6年ぶりに米価が下落している。補助金でコメの生産を飼料用米に誘導することで米価を維持する政策の限界があらわになった。農協と自民党は、補助金依存の「重い代償」を払うことになりそうだ。(ダイヤモンド編集部 千本木啓文)

 コメが安くなるのは消費者には朗報だが、農協にとっては「2014年産米の悪夢の再来」である。

 米価は直近3年間、60キログラム1万5500円超で高止まりしていた。このため、秋田県や新潟県といった主産地での作付けが増え、20年産米は作付け時点で供給過剰が見込まれていた。
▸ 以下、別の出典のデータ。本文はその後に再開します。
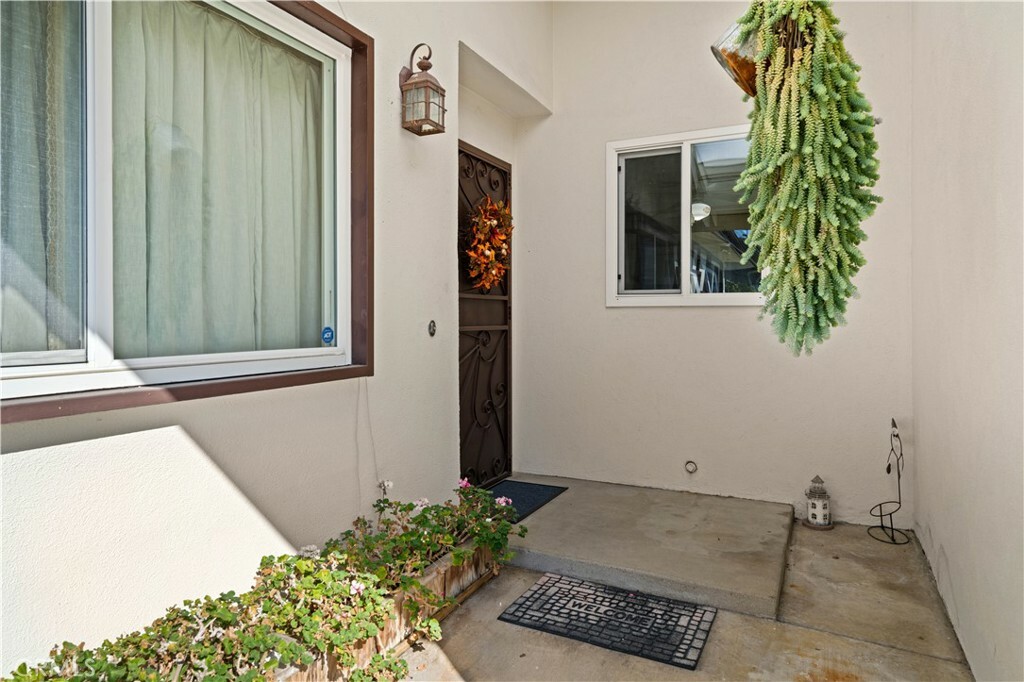 Property Photo: 908 Bejay Place CA 90731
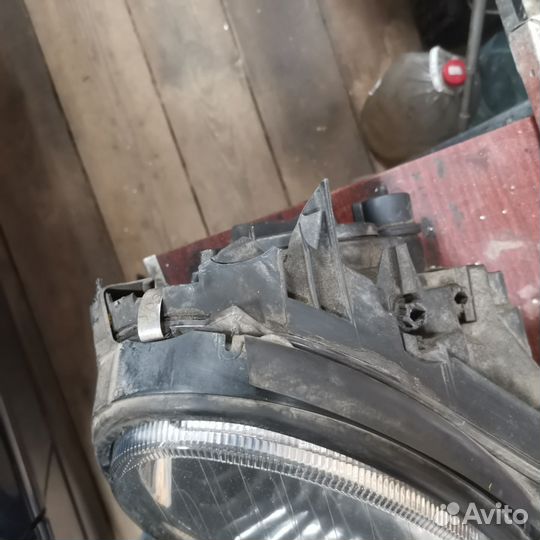 Фара mercedes w211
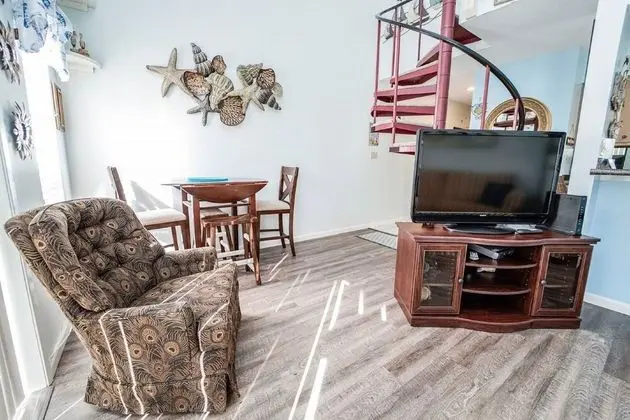 Daire, 2 Yatak Odası, Havuz Manzaralı (E18)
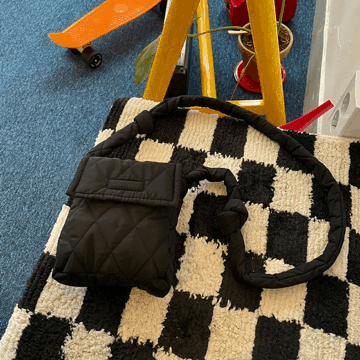 [겨울가방/미니백]10대 20대 귀여운 러블리 데일리 캐주얼 작은 크로스백 패딩백 퀼팅백 아메카지 유니크 가방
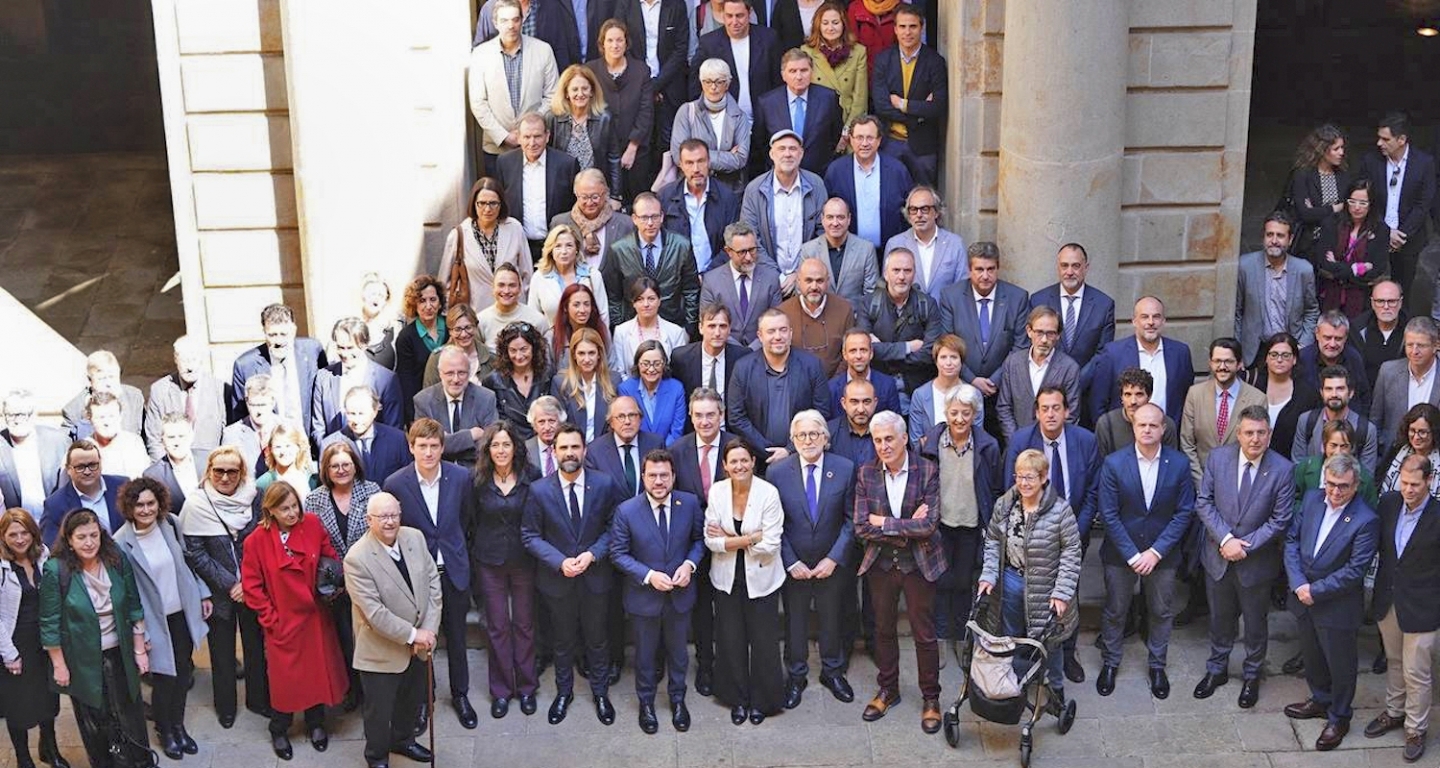 La foto de grup dels signants del Compromís, amb el president de la Generalitat, Pere Aragonès, el conseller Roger Torrent i la directora general de Turisme, Marta Domènech, al capdavant La foto de grup dels signants del Compromís, amb el president de la Generalitat, Pere Aragonès, el conseller Roger Torrent i la directora general de Turisme, Marta Domènech, al capdavant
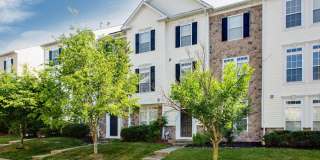 1739 THEALE Way Gallery 1
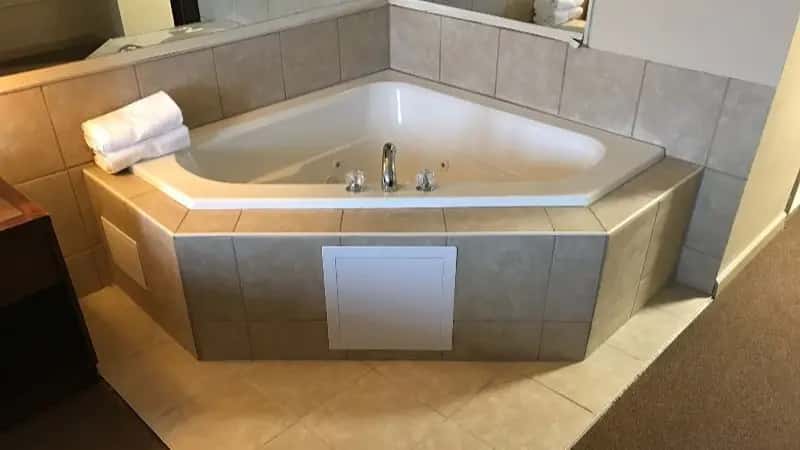 In-room hot tub at Allen Park Motor Lodge in Allen Park, MI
その上、豊作になったこともあって生産量は735万トンとなり、適正量を最大25万トンも超過してしまった。

 供給過剰に、“コメ離れ”が追い打ちをかけた。

 毎年12万~15万トン減ってきた国内需要が、新型コロナウイルス感染拡大の影響で22万トンの大幅減になりそうなのだ。

 農協関係者が「悪夢」と呼ぶ14年産米の価格は60キロ1万1967円(通年平均価格)まで暴落した。今年以降は、悪夢の再来になるかもしれない。20年産米の民間在庫量は、14年産米の226万トンを上回る233万トンまで積み上がるとの予想がある(21年6月の予想値、JAグループの政治組織、JA全中による試算。適正在庫量は180万トンとされる)。